Leaving out all pictures, restate word for word the lines from the one with "Motoyama: Centrais comerciais 5" through the last line of the entries.

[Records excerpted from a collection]
* * *
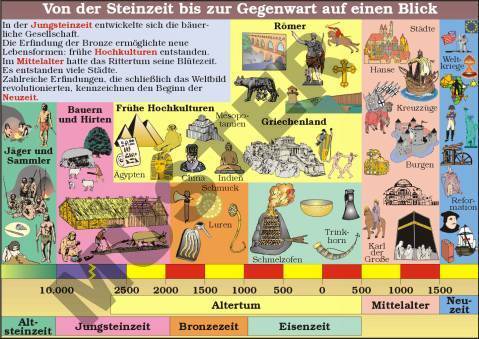 Transparent Vor der Steinzeit bis zur Gegenwart auf einen Blick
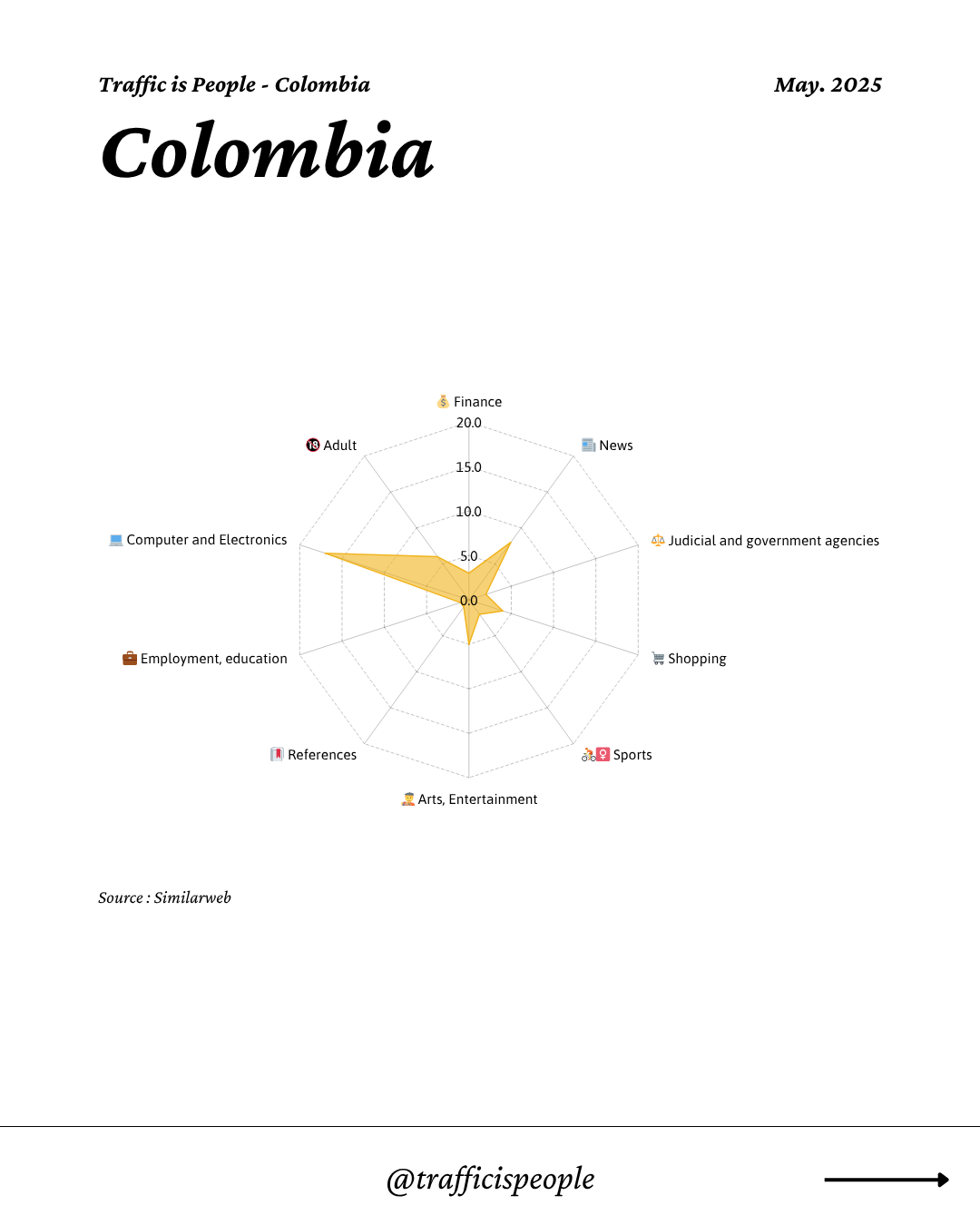 May 2025 Top 10 Popular Content Categories Colombia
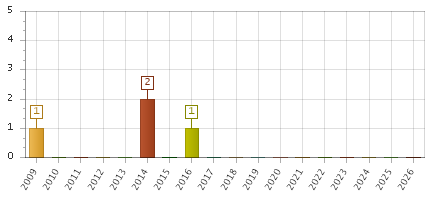 The chart showing 2009 series, 2010 series, 2011 series, 2012 series, 2013 series, 2014 series, 2015 series, 2016 series, 2017 series, 2018 series, 2019 series, 2020 series, 2021 series, 2022 series, 2023 series, 2024 series, 2025 series, 2026 series.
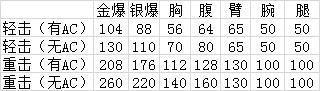 穿越火线7月新版本前瞻 长度突破天际的伪装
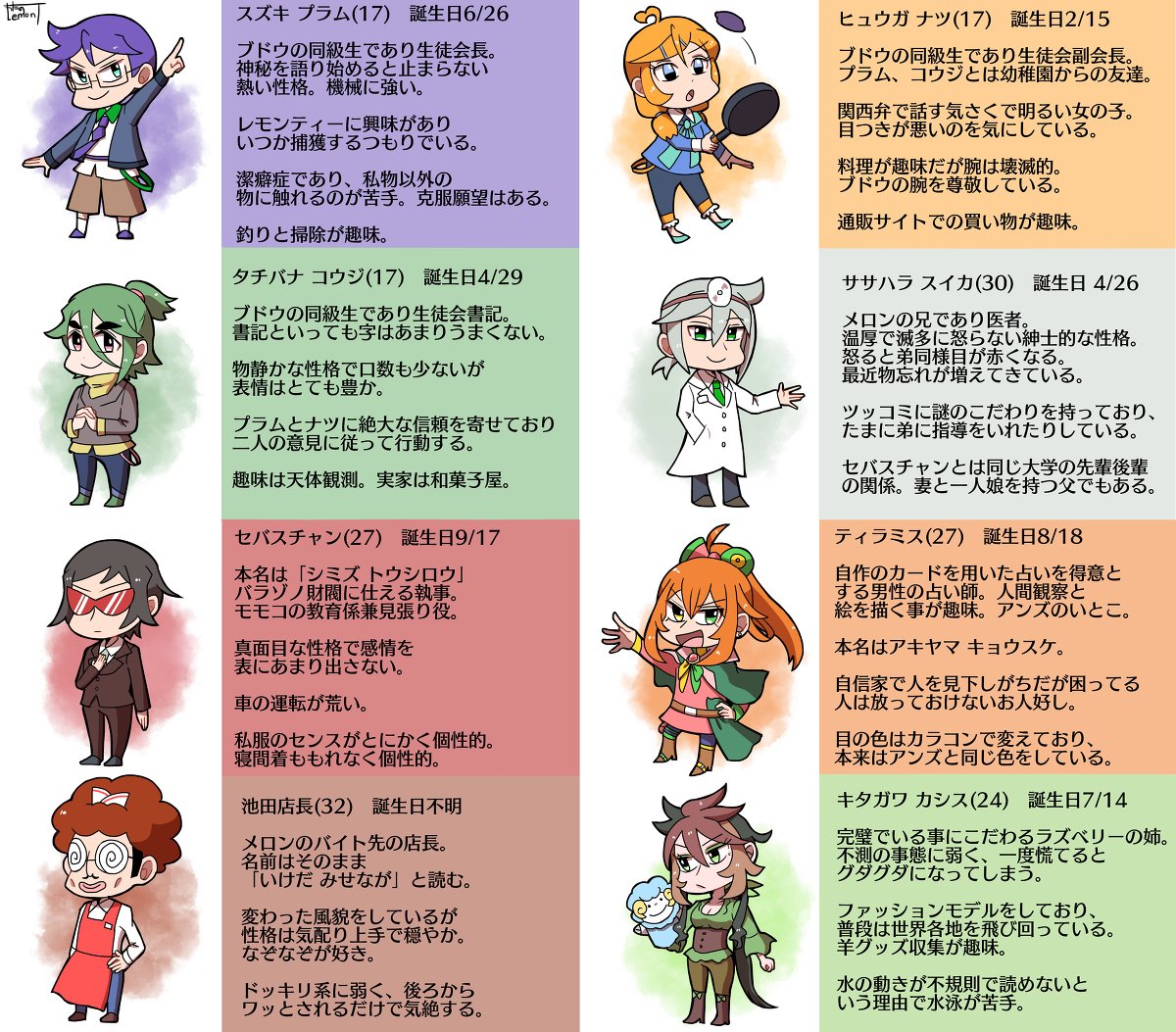 綿野レモンt Watanolemont ٹوئٹر پر 大ボケ日誌キャラまとめ オリジナル 大ボケ日誌 T Co qcrwffvv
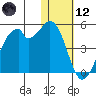 Driftwood Bay tide chart for Tuesday, January 12, 2021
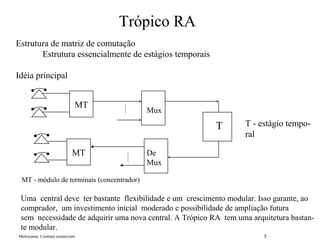 Motoyama: Centrais comerciais 5
Trópico RA
Estrutura de matriz de comutação
Estrutura essencialmente de estágios temporais
Idéia principal
T
Mux
De
Mux
MT
MT
MT - módulo de terminais (concentrador)
T - estágio tempo-
ral
Uma central deve ter bastante flexibilidade e um crescimento modular. Isso garante, ao
comprador, um investimento inicial moderado e possibilidade de ampliação futura
sem necessidade de adquirir uma nova central. A Trópico RA tem uma arquitetura bastan-
te modular.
* * *
-- Exercise response --
 Motoyama: Centrais comerciais 5
Trópico RA
Estrutura de matriz de comutação
Estrutura essencialmente de estágios temporais
Idéia principal
T
Mux
De
Mux
MT
MT
MT - módulo de terminais (concentrador)
T - estágio tempo-
ral
Uma central deve ter bastante flexibilidade e um crescimento modular. Isso garante, ao
comprador, um investimento inicial moderado e possibilidade de ampliação futura
sem necessidade de adquirir uma nova central. A Trópico RA tem uma arquitetura bastan-
te modular.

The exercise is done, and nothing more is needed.